#### What is required:
If a record holds a picture, leave the picture out; return everything else exactly.
────────────────────────────────────────
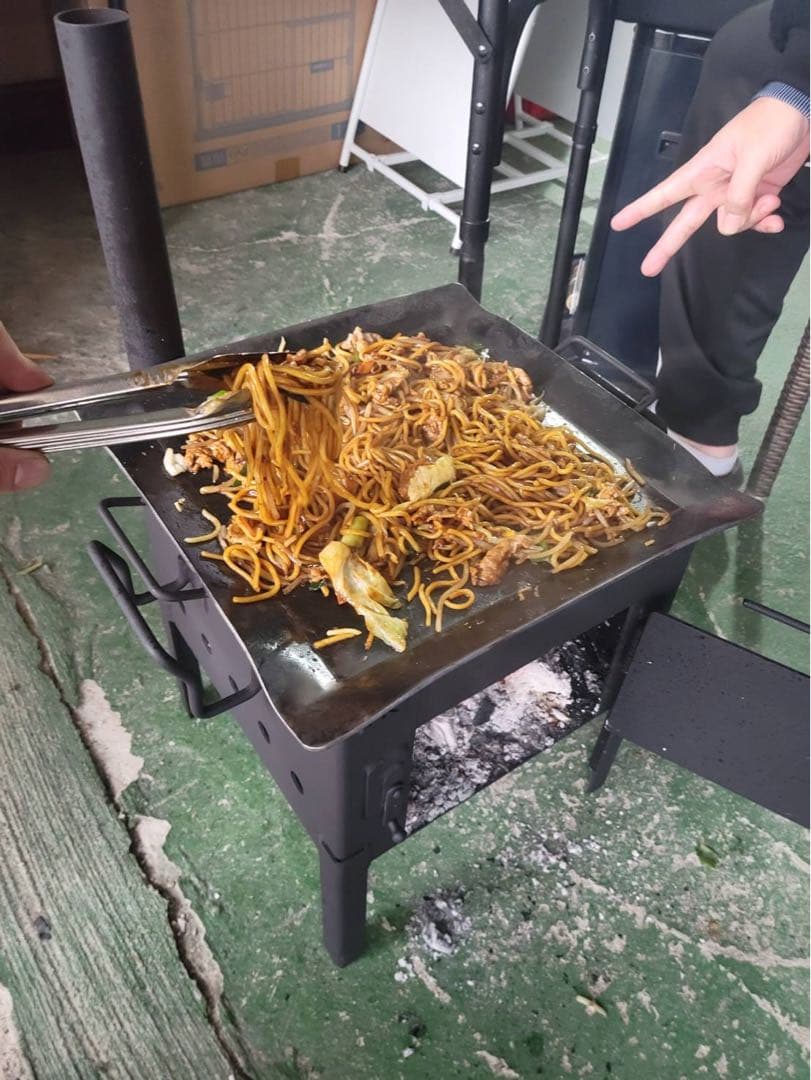鉄板　バーベキュー用　調理用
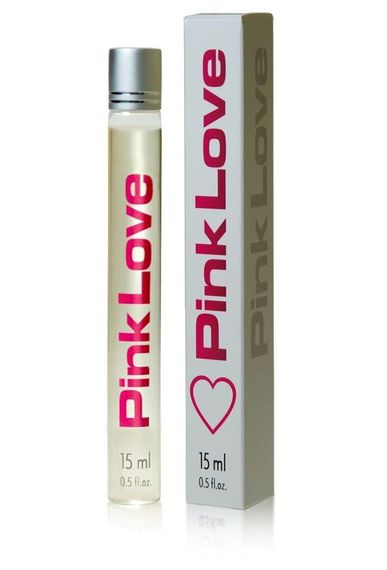 Духи з феромонами для жінок Pink Love, 15 ml sexstyle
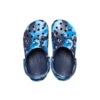 Classic Printed Camo Pistokkaat ”Blue Navy”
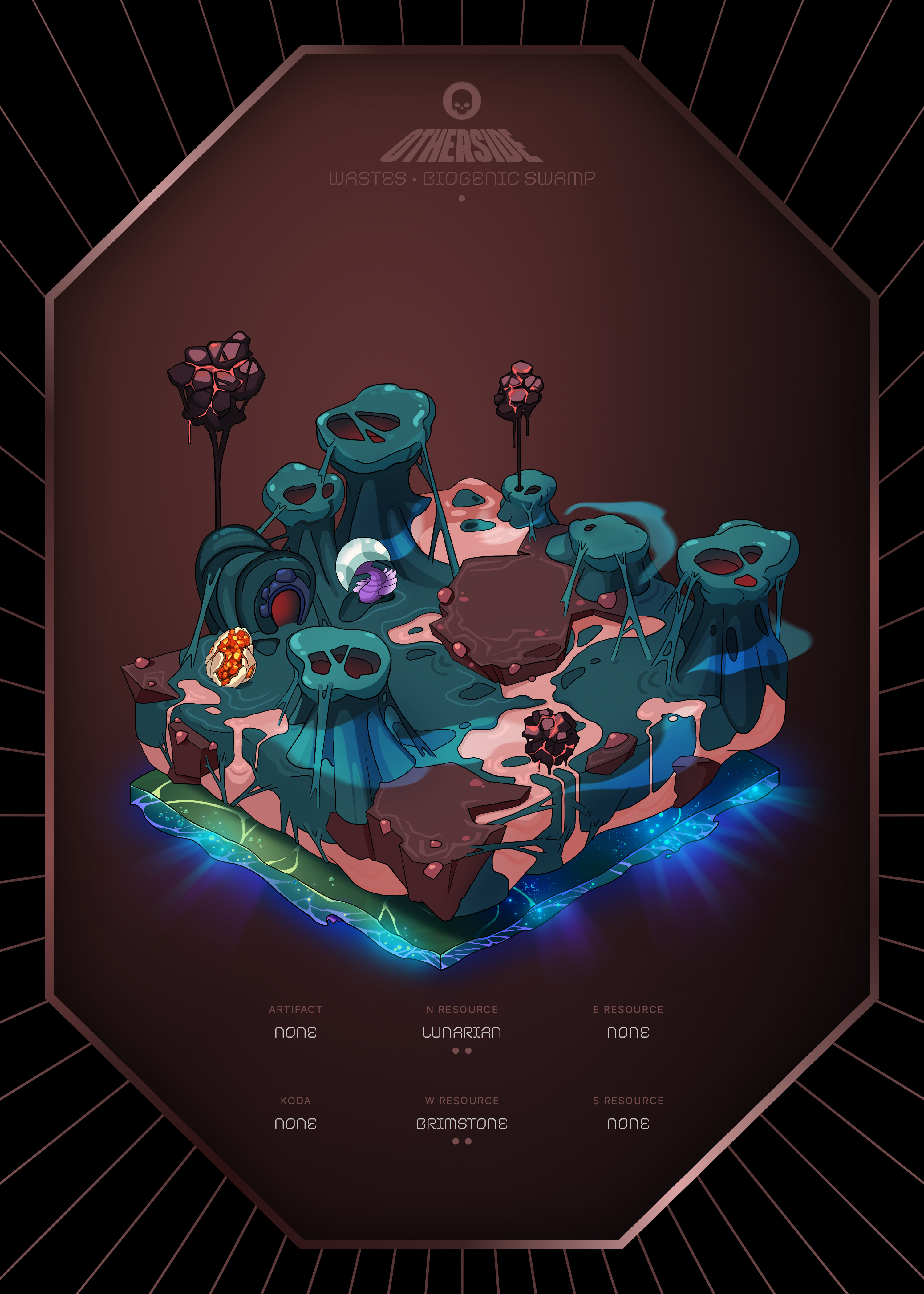 Otherdeed #4865 — Wastes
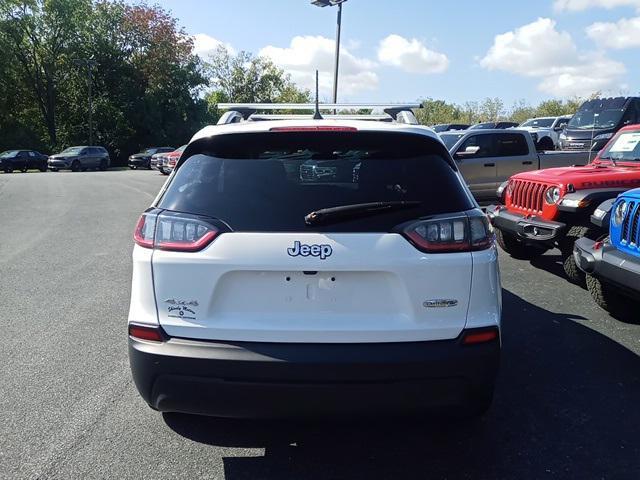 used 2020 Jeep Cherokee car, priced at $23,339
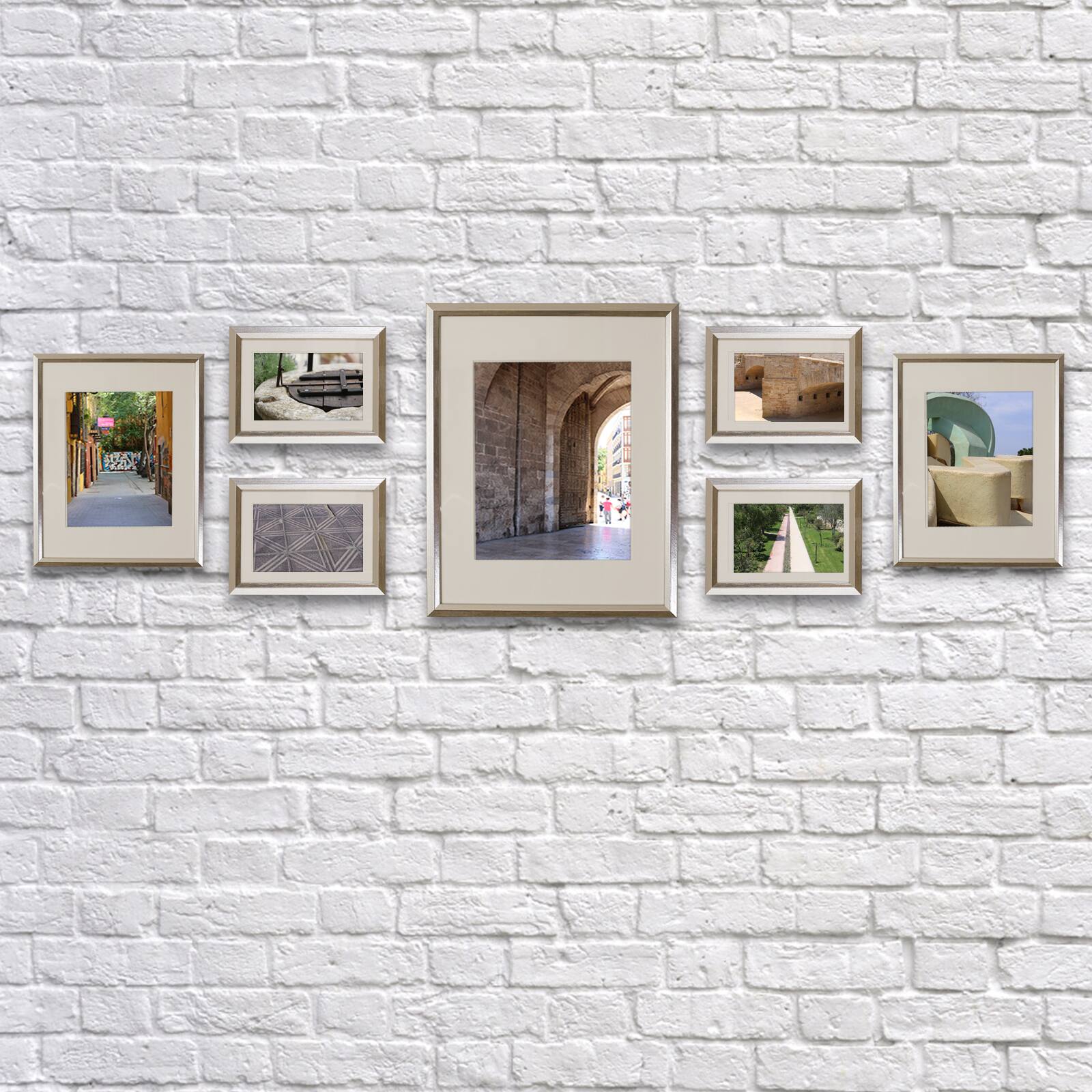 Shop for the Silver 7Piece Frame Set By Studio Décor® at Michaels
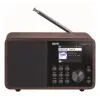 Rádio DAB+ portátil Imperial DABMAN i170 — sintonizador FM/DAB+, 10 W RMS, ecrã de 6,1 cm (2,4 inch), 3,5 mm, USB-A, preto/madeira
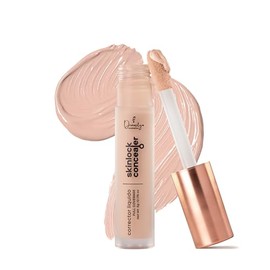 SkinLock Concealer  Corrector Líquido de Cobertura Completa, Larga Duración y a Prueba de Agua, Corrector Ojeras Fórmula Coreana Vegana con Acabado...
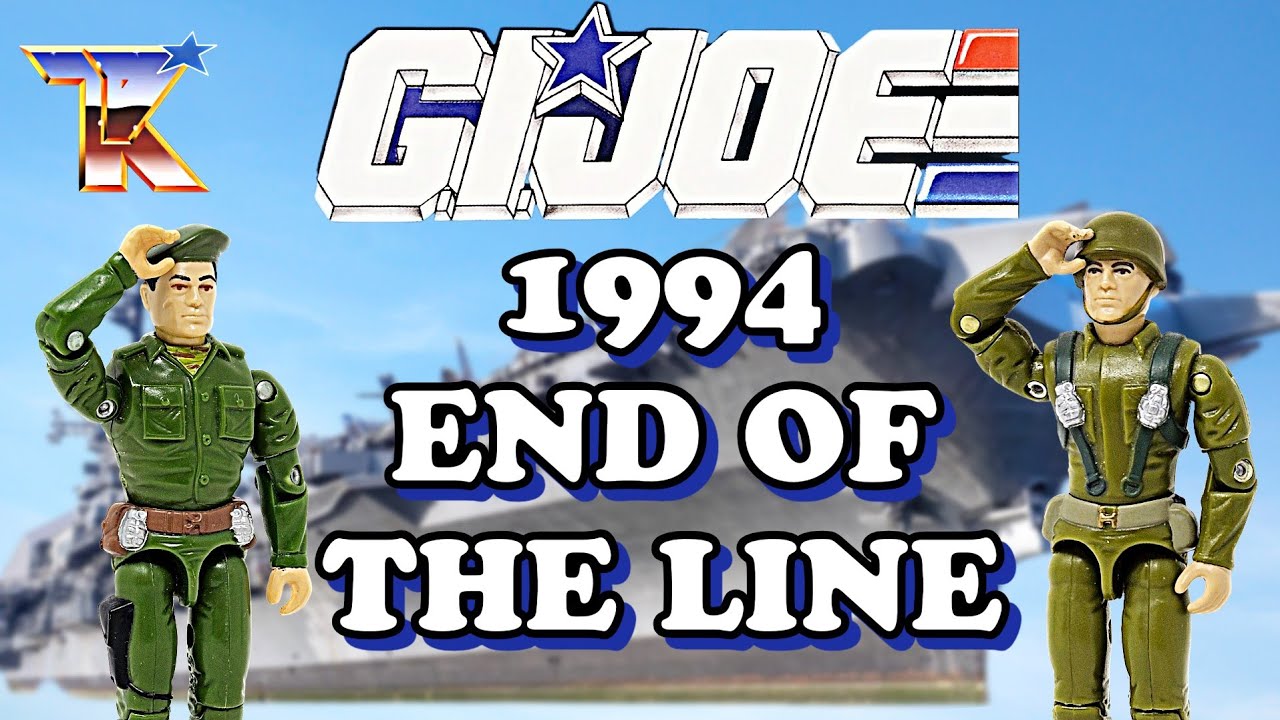 History of GI Joe 1994 | 30th Anniversary of A Real American Hero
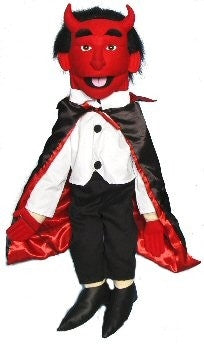 Devil Puppet - Bible Character Puppets – The Puppet Store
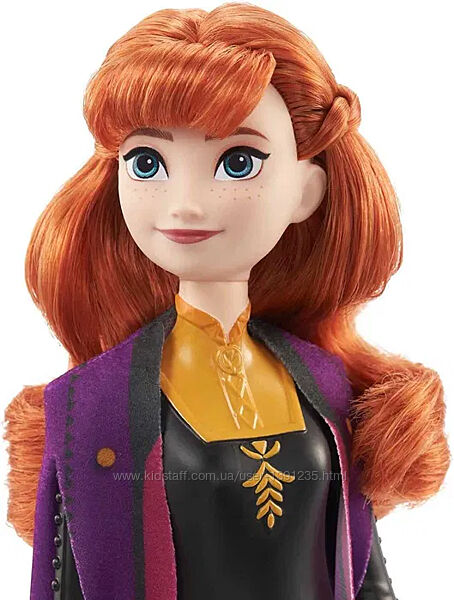 Лялька-принцеса Disney Frozen 2 Princess Anna Анна HLW50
────────────────────────────────────────
#### Response to the task:
鉄板　バーベキュー用　調理用
 Духи з феромонами для жінок Pink Love, 15 ml sexstyle
 Classic Printed Camo Pistokkaat ”Blue Navy”
 Otherdeed #4865 — Wastes
 used 2020 Jeep Cherokee car, priced at $23,339
 Shop for the Silver 7Piece Frame Set By Studio Décor® at Michaels
 Rádio DAB+ portátil Imperial DABMAN i170 — sintonizador FM/DAB+, 10 W RMS, ecrã de 6,1 cm (2,4 inch), 3,5 mm, USB-A, preto/madeira
 SkinLock Concealer  Corrector Líquido de Cobertura Completa, Larga Duración y a Prueba de Agua, Corrector Ojeras Fórmula Coreana Vegana con Acabado...
 History of GI Joe 1994 | 30th Anniversary of A Real American Hero
 Devil Puppet - Bible Character Puppets – The Puppet Store
 Лялька-принцеса Disney Frozen 2 Princess Anna Анна HLW50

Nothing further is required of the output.